'''

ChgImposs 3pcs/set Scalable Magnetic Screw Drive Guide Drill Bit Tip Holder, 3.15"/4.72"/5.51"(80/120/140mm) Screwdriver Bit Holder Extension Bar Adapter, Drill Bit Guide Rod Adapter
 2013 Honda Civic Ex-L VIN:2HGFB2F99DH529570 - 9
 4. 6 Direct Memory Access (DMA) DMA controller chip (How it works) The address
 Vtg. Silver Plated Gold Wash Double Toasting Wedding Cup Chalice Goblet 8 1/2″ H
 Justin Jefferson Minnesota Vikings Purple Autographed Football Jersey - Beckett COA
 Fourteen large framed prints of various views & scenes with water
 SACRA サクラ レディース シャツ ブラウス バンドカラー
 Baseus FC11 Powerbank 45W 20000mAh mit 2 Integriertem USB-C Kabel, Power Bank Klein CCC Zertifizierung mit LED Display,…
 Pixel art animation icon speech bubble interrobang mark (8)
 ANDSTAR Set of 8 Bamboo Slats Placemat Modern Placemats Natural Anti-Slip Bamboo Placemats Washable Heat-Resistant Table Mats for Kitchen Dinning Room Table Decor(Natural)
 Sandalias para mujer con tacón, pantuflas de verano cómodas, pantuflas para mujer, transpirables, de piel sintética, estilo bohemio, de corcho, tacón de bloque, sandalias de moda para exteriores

'''

Problem to solve:
Exact reproduction is required. Give the lines of the data from its first line through the line containing "ANDSTAR Set of", and no others.

Result for this task:
ChgImposs 3pcs/set Scalable Magnetic Screw Drive Guide Drill Bit Tip Holder, 3.15"/4.72"/5.51"(80/120/140mm) Screwdriver Bit Holder Extension Bar Adapter, Drill Bit Guide Rod Adapter
 2013 Honda Civic Ex-L VIN:2HGFB2F99DH529570 - 9
 4. 6 Direct Memory Access (DMA) DMA controller chip (How it works) The address
 Vtg. Silver Plated Gold Wash Double Toasting Wedding Cup Chalice Goblet 8 1/2″ H
 Justin Jefferson Minnesota Vikings Purple Autographed Football Jersey - Beckett COA
 Fourteen large framed prints of various views & scenes with water
 SACRA サクラ レディース シャツ ブラウス バンドカラー
 Baseus FC11 Powerbank 45W 20000mAh mit 2 Integriertem USB-C Kabel, Power Bank Klein CCC Zertifizierung mit LED Display,…
 Pixel art animation icon speech bubble interrobang mark (8)
 ANDSTAR Set of 8 Bamboo Slats Placemat Modern Placemats Natural Anti-Slip Bamboo Placemats Washable Heat-Resistant Table Mats for Kitchen Dinning Room Table Decor(Natural)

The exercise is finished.